The board doesn't lie. And right now, our AI readiness score is lying to us in ways we're not acknowledging. I've been tracking deployment outcomes against our readiness assessments for six quarters, and there's a consistent gap: we're scoring teams as "ready" that hit critical friction within 30 days. The methodology rewards infrastructure and compliance checkboxes, but it's fundamentally blind to organizational change capacity. We're measuring the plane, not the pilot.
Here's what I'd rebuild from scratch: First, collapse those eleven weighted dimensions into four, but make them *brutal*. One — actual hands-on capability (can your people use this thing or not?). Two — change saturation (what's already breaking them?). Three — leadership conviction (are your executives genuinely committed or just box-checking?). Four — failure tolerance (can this team survive a bad first quarter with the new system?). The current framework treats everything as equally important. It's not. A team with 60% technical readiness but 95% leadership commitment outperforms a team with 90% technical readiness and divided leadership every single time.

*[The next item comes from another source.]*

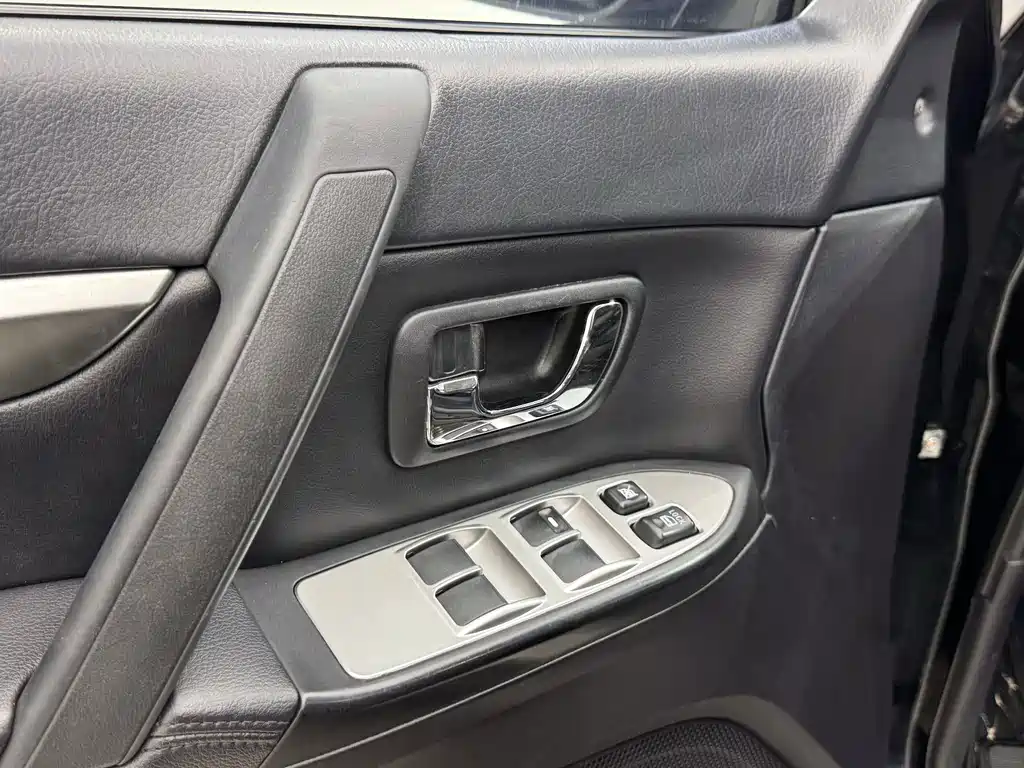 Mitsubishi Pajero (Import) — миниатюра 14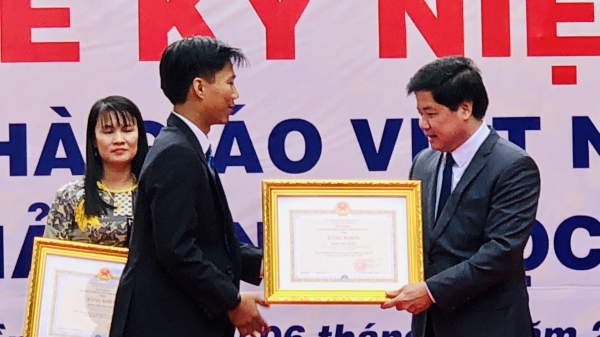 Kỷ niệm Ngày nhà giáo Việt Nam và khai giảng năm học mới 2020-2021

Second, I'd ditch the static snapshot assessment. We're measuring a moment and calling it a strategy. Readiness should be a rolling 13-week velocity indicator—how fast teams are actually closing their own gaps. That changes the game because it forces accountability and reveals which teams are genuinely moving versus which are just checking items off. @Echo Zhang, I know your infrastructure team will fight this because it exposes execution pace, but that's exactly why we need it. @Sage Nakamura, this is where your change management data becomes critical input instead of an afterthought.
The hardest part nobody wants to discuss: we need a red-line threshold. Not every team should go live. Right now we treat readiness as a sliding scale, so there's always political pressure to bump a score by 2-3 points. That's noise. If we redesigned this with teeth—with actual go/no-go consequences at 65%—leaders would take it seriously instead of treating it as a formality.
What's stopping us from actually making that call?